Foram noites e noites que numa só noite nos aconteceram,
Da vida que nos juntou,
Fados de rara beleza,
Do sonho do Homem,
A falar dum homem novo,
E repartir o sol por todos nós
A maré povo em sobressalto,
A flor de Abril também.

Chamam Tejo às tuas águas,
Podia chamar-te 
pátria minha,
É que eu sei que a raiz
(De mim) está em Lisboa.
Lisboa menina e moça, amada.
Lisboa fadista de Alfama 
e Oxalá,
Vai cantar o Bairro Alto,
O amarelo da Carris,
O cacilheiro, comboio de Lisboa sobre a água,
Canoa de vela erguida,
Com gaivotas e marés,
À Ribeira,
À Pampulha,
À Mouraria,
No Castelo,
No Terreiro,
Da Bica à Madragoa,
Trepa à Graça em sobressalto,
Ai!
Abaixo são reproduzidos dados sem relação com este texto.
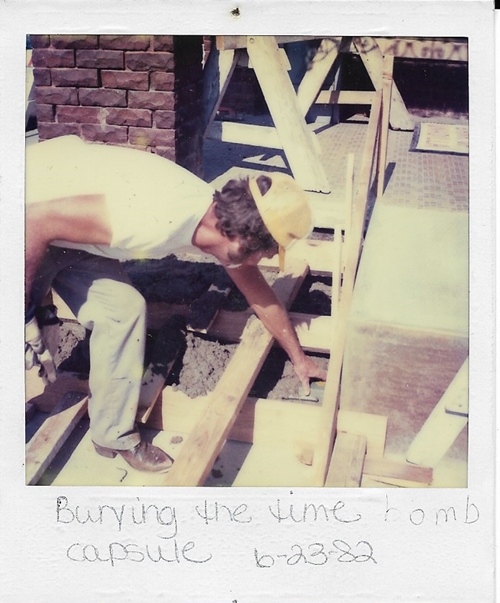 Bank Time_Capsule_1982_001_500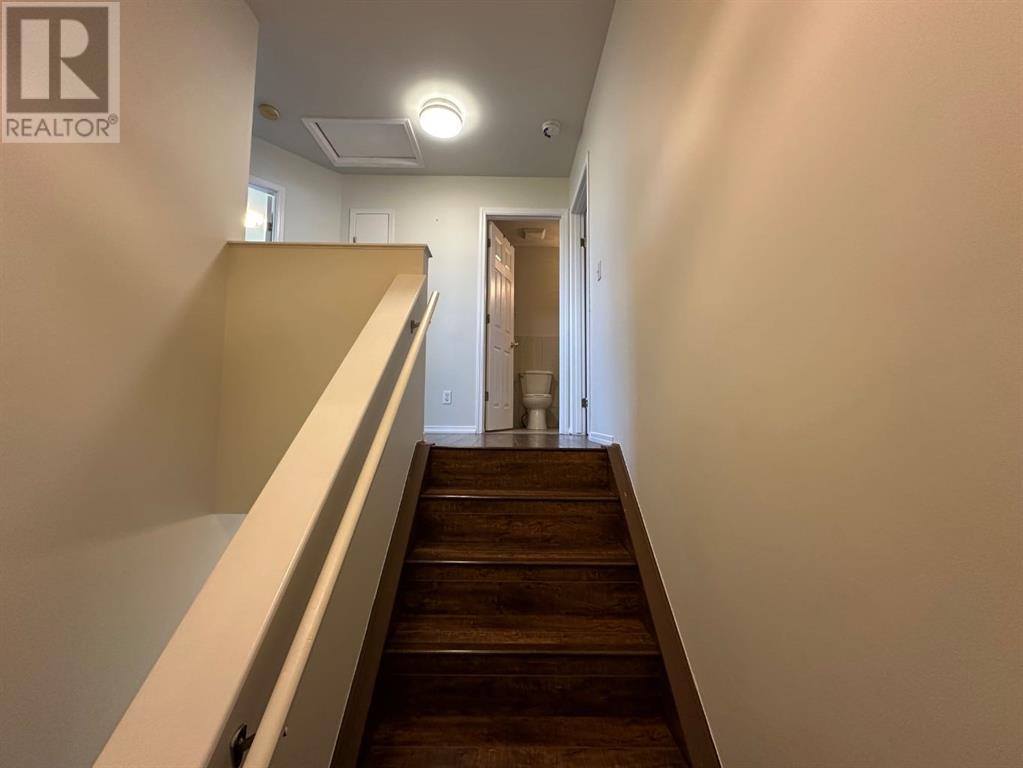 Single Family House for Sale in  Sandpiper Lane NW Sandstone Valley Calgary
Lisboa como eu quero!
Cidade, mulher, das 
nossas vidas

Lisboa é perto e não bastante.
Lisboa abriu as janelas
Que a fazem estar sentada sobre o mundo
À beira mágoa desfolhada
Sou do fado ou da cidade
Ou apenas de onde estou?
Cada país descoberto,
Em cada povo encontrado,
Foste viagem de barco
Português marinheiro
Dos sete mares andarilho,
Riso de maré cheia,
Oiço este mar que ressoa, enquanto canta,
Lisboa, lisboeta,
Cidade marinheira sem ter que navegar.

Engrandecem-te o passado.
Se estás a tempo, recua
Mas se não estás, continua.
(e) O futuro é o sítio 
onde se mora.
No teu poema
Existe (…) um verso em branco à espera de futuro.
Como se fosse uma criança.
Na alma deste fado, 
sempre vivo
Os dias passam iguais
Aos dias que vão distantes
Cresce um canto cristalino, sem idade
Rosto de outrora (feito amor), feito agora,
Pelo relógio das horas que o fado fez,
Amor sentido,
Mas jamais cansado.
E no bairro mais alto 
do sonho,
Mesmo aqueles que o não cantam não esqueçam
Nunca é tarde, nem cedo, para quem se quer tanto.